Telecom-to-infrared biphotons bridge the vastly different frequency bands without the aid of quantum interfaces, a capability that is essential for quantum networks and long-distance quantum communications. Herein, we propose a biphoton generation scheme in diamond-type atomic media, which features superradiant characteristics, supporting the generation of highly nonclassical biphotons with telecom-infrared bands. Using the Heisenberg-Langevin approach, our theory allows us to analyze the noise photons from the vacuum fluctuation and thereby calculate the ratio of the pairing (correlated) photons out of the total generation rate, which can only be analyzed using the open quantum model. By increasing the optical depth of the medium, we control the biphoton correlation time from the single-atom spontaneous emission time to the sub-nanosecond scale, resulting in a broadly tunable bandwidth from MHz to GHz. In addition, our theoretical predictions align well with experimental observations, confirming that the biphoton correlation time follows the superradiant scaling behavior observed in a simple two-level system.
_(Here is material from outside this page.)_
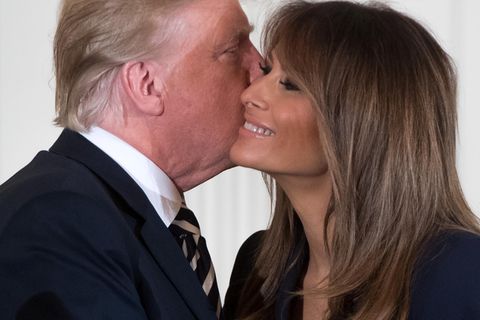Donald Trump begrüßt seine Frau Melania mit einem Kuss auf die Wange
Furthermore, we extend our model to room-temperature atoms by incorporating the Doppler effect, and show that the biphoton correlation decay time is governed and further reduced by the interference among atomic velocity classes. Our investigations establish a theoretical groundwork for superradiant bichromatic biphoton generation using either cold or warm atomic media, which may facilitate the development of quantum networks across disparate optical frequencies.